TAM S.A. (
TAM)
Q2 2008 Earnings Call Transcript
August 14, 2008 10:30 a.m. ET
Executives
David Barioni Neto – Chief Executive Officer
Libano Barroso – Chief Financial Officer
Analysts
Duane Pfennigwerth - Raymond James
Nick Sebrell - Morgan Stanley
Michael Linenberg - Merrill Lynch
Steve Trent – Citigroup
Keith Wiseman - Calyon Securities
Erin Carp - Air Transport World Magazine
Jim
Presentation
Operator
Good morning ladies and gentlemen and thank you for waiting. At this time we would like to welcome everyone to TAM''s second quarter 2008 earnings conference call. We would like to inform you that this call and the slides are being broadcast on the Internet at the Company''s Investor Relations website, www.tam.com/ir, and that the presentation is available to download at the Presentations and Conference Call section. Also, this event is being recorded and our participants will be in a listen-only mode during the Company’s presentation. After the Company’s remarks are completed there will be a question-and-answer session. At that time further instructions will be given. Should any participant need assistance during the call, please dial “*0” to reach the operator.

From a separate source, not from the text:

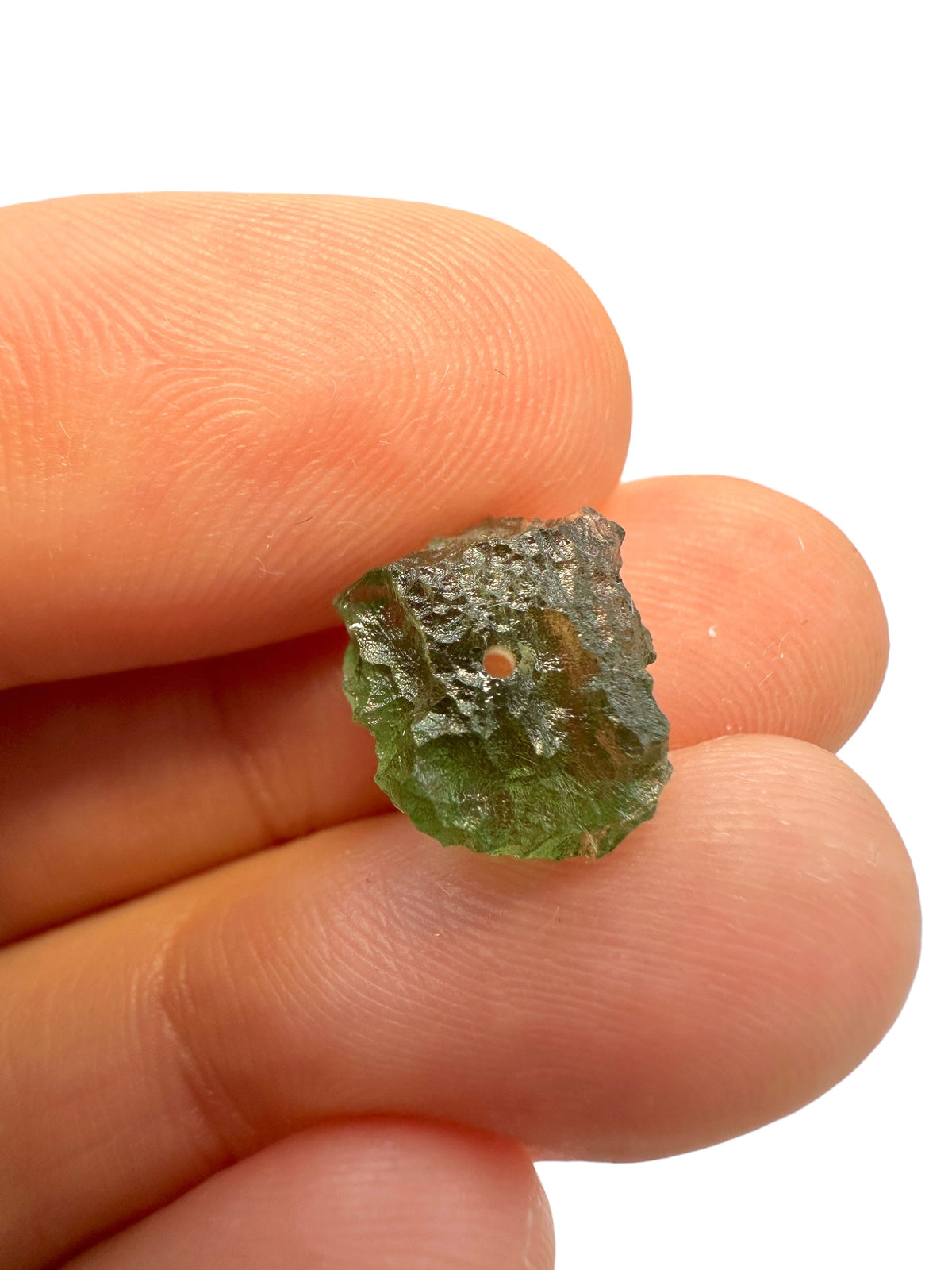 A bead made of raw moldavite 0,86g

Before proceeding let me mention that forward-looking statements are based on the beliefs and assumptions of TAM''s management and on information currently available to the Company. They involve risks, uncertainties and assumptions because they relate to future events and therefore depend on circumstances that may or may not occur in the future. Investors should understand that general economic conditions, industry conditions and other operating factors could also affect the future results of TAM and could cause results to differ materially from those expressed in such forward-looking statements.
Now I''ll turn the conference over to Mr. David Barioni Neto, CEO. Mr. Barioni, you may begin your conference.
David Barioni Neto – Chief Executive Officer
Good morning. We would like to thank you all for your presence. Let''s begin the presentation of the second quarter 2008 results. Let''s turn to slide number three.
The domestic aviation market in Brazil has great growth potential, presenting double-digit growth in the past several years. In 2008, we have seen another growth spurt of 10% accumulated from January to July.
On slide number four, the international market among Brazilian carriers that fly international routes decreased 5% in 2007 but has been recovering after the second half of the year. In 2008, the average growth is 38%, mainly due to TAM''s international network''s strong will, the strength in the international market in 2006 and 2007 from the Brazilian side and balanced ratio compared to the international carriers that used to transport 58% of the passengers and now transport 70%. This new reality creates additional opportunity for Brazilian carriers in this market.
On slide number six, we can observe the sales of the bilateral agreement with the countries to which we operate regular flights. In all cases, there is growth opportunity for TAM. The United States is the most evident case in which from 126 weekly frequencies for each flight, 105 are operated by foreign carriers. And we, the only Brazilian companies flying on whole are operating 35 weekly frequencies. Remember that as of September 19, this number will increase to 42 because we will launch the new basic frequency between Rio de Janeiro and Miami.
On slide number seven, we are both domestic and international market leaders. According to ANAC''s figures released this week, our average market share for July is 51% in the domestic and 72.5% in the international.
The highlights of the second quarter of 2008 were the increase of three A320 and the re-delivery of four Fokker 100s, following our phase-out plan of the 100 fleet aircraft, standardization of our fleet at TAM Airlines, former no. of TAM Mercosur, which now operates solely aircraft above A320.
Regarding operational efficiency, our daily block hours per aircraft reached 12.7 hours in the second quarter of 2008. Considering only the operating fleet, excluding spares and aircraft maintenance, we posted a daily utilization of 13.6 hours per aircraft. Our total average load factor for the quarter was 70%.
In the seven first months of the year, we had the highest domestic owned-wallet index in the market, achieving 85% while the market average was 81%. We signed memorandums of understanding with Air Canada and Swiss Air to implement code share agreements with both companies.
On slide number nine, we renewed our SOX international certification. We continue strengthening our international network with the authorization to fly to Lima, Peru and several new flights to Buenos Aires from Brazilian capital, including Brasilia, our capital.